"Aileen, temenin Lily ke perpustakaan daerah yuk!"
"Yah ... gue nggak bisa Ly, soalnya gue lagi males!" balas Aileen dan membuat Lily mengerucutkan bibirnya sebal.
"Aileen mah males terus! Kapan rajinnya?"
SKAKMAT!
Aileen terdiam, ia memang tipe orang yang kebut semalam. Belajar kalau sudah mendekati ulangan dan itu pun ia lakukan hanya sehari menjelang ulangan. Dia memang malas, tapi dia masih bisa mengejar prestasi-prestasi. Ya, walaupun sangat jauh dibanding dengan Lily.
"Em ... lo pergi sendiri aja ya Ly, gue tiba-tiba sakit perut nih!" Dia memegangi perutnya yang sebenarnya tidak kenapa-kenapa. Untung Lily mudah untuk dibohongi, jadilah anak itu hanya menganggukkan kepalanya.
Setelahnya Aileen langsung pergi dan tinggallah Lily sendirian, ia pun berjalan menuju halte depan sekolahnya. Memang hari keberuntungan, sudah ada bus yang siap mengangkut penumpang.
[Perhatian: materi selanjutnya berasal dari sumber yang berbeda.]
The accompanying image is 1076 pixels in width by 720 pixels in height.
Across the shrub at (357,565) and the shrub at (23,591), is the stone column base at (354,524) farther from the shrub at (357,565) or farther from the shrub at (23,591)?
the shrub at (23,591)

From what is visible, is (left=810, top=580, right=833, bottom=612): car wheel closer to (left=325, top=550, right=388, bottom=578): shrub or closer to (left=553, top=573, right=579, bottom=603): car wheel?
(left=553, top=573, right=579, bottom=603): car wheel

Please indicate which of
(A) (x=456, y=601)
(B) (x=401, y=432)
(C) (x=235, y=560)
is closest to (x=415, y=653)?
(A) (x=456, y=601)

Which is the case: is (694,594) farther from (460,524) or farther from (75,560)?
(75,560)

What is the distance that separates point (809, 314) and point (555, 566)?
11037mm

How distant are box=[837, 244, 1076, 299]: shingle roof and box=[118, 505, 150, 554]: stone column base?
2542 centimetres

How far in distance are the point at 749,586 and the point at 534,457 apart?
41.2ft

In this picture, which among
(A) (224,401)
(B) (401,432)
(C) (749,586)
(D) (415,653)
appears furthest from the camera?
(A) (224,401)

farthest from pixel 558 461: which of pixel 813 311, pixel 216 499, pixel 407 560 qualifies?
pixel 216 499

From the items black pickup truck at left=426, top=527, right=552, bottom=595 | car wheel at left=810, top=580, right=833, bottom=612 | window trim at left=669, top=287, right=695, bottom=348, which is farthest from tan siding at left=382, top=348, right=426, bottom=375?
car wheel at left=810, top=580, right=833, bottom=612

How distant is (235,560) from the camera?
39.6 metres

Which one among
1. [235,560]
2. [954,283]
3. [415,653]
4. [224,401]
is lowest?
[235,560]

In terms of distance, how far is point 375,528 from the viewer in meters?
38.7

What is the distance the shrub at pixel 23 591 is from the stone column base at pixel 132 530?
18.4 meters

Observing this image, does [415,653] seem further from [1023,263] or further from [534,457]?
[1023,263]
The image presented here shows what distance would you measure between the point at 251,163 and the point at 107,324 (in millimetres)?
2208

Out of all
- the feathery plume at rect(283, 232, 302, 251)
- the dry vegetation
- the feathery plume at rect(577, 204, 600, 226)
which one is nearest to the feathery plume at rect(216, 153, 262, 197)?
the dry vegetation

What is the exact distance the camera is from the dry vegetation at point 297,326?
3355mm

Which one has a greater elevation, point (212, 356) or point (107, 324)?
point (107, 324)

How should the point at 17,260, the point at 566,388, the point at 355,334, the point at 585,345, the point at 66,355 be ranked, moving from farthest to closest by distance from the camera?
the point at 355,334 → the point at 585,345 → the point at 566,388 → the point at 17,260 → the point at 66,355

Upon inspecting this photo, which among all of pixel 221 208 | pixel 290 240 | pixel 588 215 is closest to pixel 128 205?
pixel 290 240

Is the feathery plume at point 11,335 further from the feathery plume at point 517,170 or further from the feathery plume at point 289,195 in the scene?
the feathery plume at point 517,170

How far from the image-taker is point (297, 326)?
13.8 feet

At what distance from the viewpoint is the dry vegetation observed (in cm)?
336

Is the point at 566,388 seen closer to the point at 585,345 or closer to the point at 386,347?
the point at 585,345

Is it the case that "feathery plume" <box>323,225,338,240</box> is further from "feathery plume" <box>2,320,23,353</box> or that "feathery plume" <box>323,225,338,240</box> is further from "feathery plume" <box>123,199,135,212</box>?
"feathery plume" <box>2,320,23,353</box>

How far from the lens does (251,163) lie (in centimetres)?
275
"Pulang sendiri, Ly?" Sebuah suara langsung membuat Lily tersentak kaget. Kepalanya saja sampai terpentuk kursi bus.
"Aduh, Kak Abitah bikin Lily kaget tau gak??" ucap Lily dengan wajah kesalnya.
Abitah Magenta, biasa dipanggil Abit atau Abitah itu dulunya pernah kenal dengan Lily saat ditunjuk menjadi panitia kartini beberapa bulan yang lalu. Mereka menjadi dekat karena sama-sama perwakilan kelas masing-masing.
"Kamu ngelamun kali, orang kakak nanyanya santai," balas Abitah dengan senyumnya. Kakak kelas Lily itu memang hobby tersenyum.
"Kakak kok tumben naik bus??" tanya Lily balik.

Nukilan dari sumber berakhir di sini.